Former Rep. George Santos outside the courthouse in Central Islip...

Former Rep. George Santos outside the courthouse in Central Islip in August 2024. Credit: AP/Stefan Jeremiah

U.S. District Court Judge Joanna Seybert is scheduled on April 25 to sentence disgraced former Rep. George Santos on the felony wire fraud and aggravated identity theft charges to which he pleaded guilty last August. The Justice Department asks that the shady 36-year-old Republican serve seven-plus years in prison.

Santos, of course, is likely to be remembered on and off Long Island as an impostor who faked not just his finances but the very facts of his life story.

Suspense about Santos looms beyond his sentencing. The question is whether White House intervention, in the form of a commutation or pardon from President Donald Trump, is in the cards. That isn’t a wild prospect these days.

Trump’s handling of Justice Department issues is, more than ever before, a product of his personal wishes and goals. Santos has been a MAGA adherent all the way; his most useful moment for the movement came when he surprisingly rode into office in 2022 amid a midterm backlash against the Joe Biden presidency.

In Washington, Santos befriended Rep. Matt Gaetz — whose judgment on criminal issues was so well regarded by Trump that upon his return, Trump nominated Gaetz for attorney general; Gaetz, buffeted by serious ethics issues, was later forced to withdraw. Santos voted to make Rep. Jim Jordan, a Trump favorite, speaker of the GOP-controlled House, but Jordan lost. Santos wore an AR-15 rifle pin on his lapel as a Second Amendment sop. In an echo of Trump, Santos even lied at one point to MAGA demonstrators that he’d lost to incumbent Tom Suozzi in 2020 due to vote fraud.

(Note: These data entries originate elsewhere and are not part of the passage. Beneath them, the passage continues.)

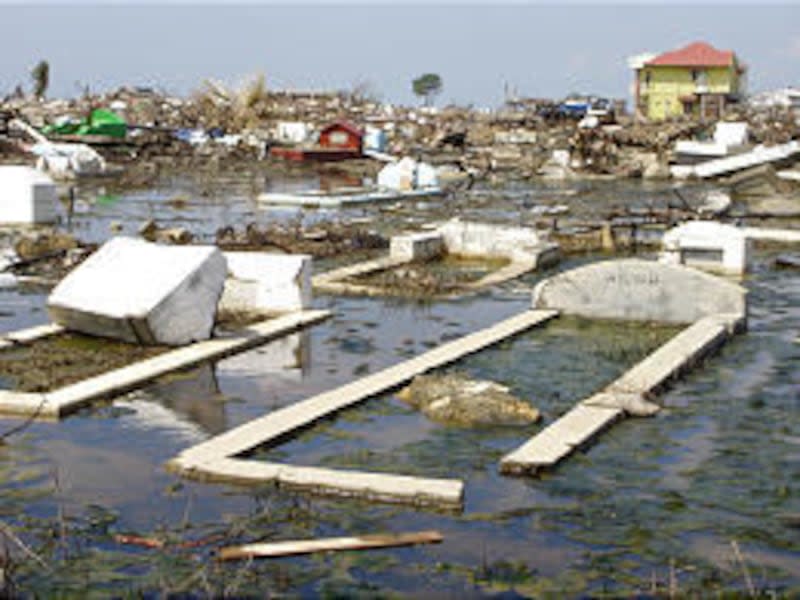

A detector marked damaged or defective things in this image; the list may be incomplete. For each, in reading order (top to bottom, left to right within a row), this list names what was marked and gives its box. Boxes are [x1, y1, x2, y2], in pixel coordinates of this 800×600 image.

yellow damaged house [636, 41, 748, 120]
broken concrete [0, 165, 58, 224]
broken concrete [656, 221, 752, 276]
broken concrete [48, 236, 227, 344]
broken concrete [219, 251, 312, 316]
broken concrete [536, 258, 748, 324]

And whatever else he may be, Santos has never been considered a violent thug. One would think, therefore, that he’d have a better argument for getting a presidential break than did Jonathan Braun of Atlantic Beach, a loan shark and drug smuggler granted clemency by Trump in early 2021.

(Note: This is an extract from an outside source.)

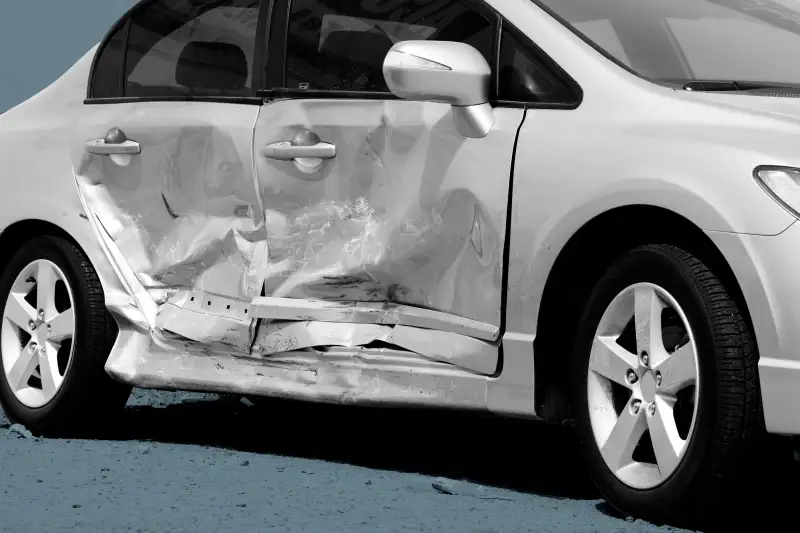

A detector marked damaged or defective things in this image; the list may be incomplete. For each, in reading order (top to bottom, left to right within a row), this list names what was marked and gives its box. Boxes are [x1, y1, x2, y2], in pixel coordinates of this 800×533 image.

Braun recently returned to federal custody after several incidents in Nassau County that included bizarre physical assaults against a toddler, his child’s nanny, his wife, his father-in-law, a nurse, and a man during a Sabbath dinner. Braun’s release by Trump was backed by pardoned felon Charles Kushner, the father of Trump son-in-law Jared Kushner.

Others, without family connections, were thanked by Trump for their MAGA services with presidential get-out-of-jail-free cards — Roger Stone, Steve Bannon, Michael Flynn, and Jan. 6 rioters, for example.

In comparison, Santos, who didn’t serve in Congress during either Trump presidency, proved to be only a marginal, fleeting, and ultimately embarrassing presence in the MAGA-verse. During his half-term in office, his three Long Island GOP colleagues — Andrew Garbarino, Nick LaLota and Anthony D’Esposito — pressed vocally for Santos’ removal. He was finally expelled on Dec. 1, 2023 by a 311-114 margin.

The humiliation of having Santos in the spotlight seemed especially sharp for Nassau County Republicans — who are and were all in for Trump.

Pardons and commutations are like a regal scepter a president wields at will. Presuming that Trump leaves office as the Constitution requires in January 2029, he could hypothetically help Santos, if he chooses. But would he want to do that? Trump doesn’t seem to like those who’d latch on to his own parade without an invitation.

For the national party Trump came to own, Santos’ quick public career was bad for business. That could be his biggest obstacle to winning Trump’s magisterial favor.

Columnist Dan Janison's opinions are his own.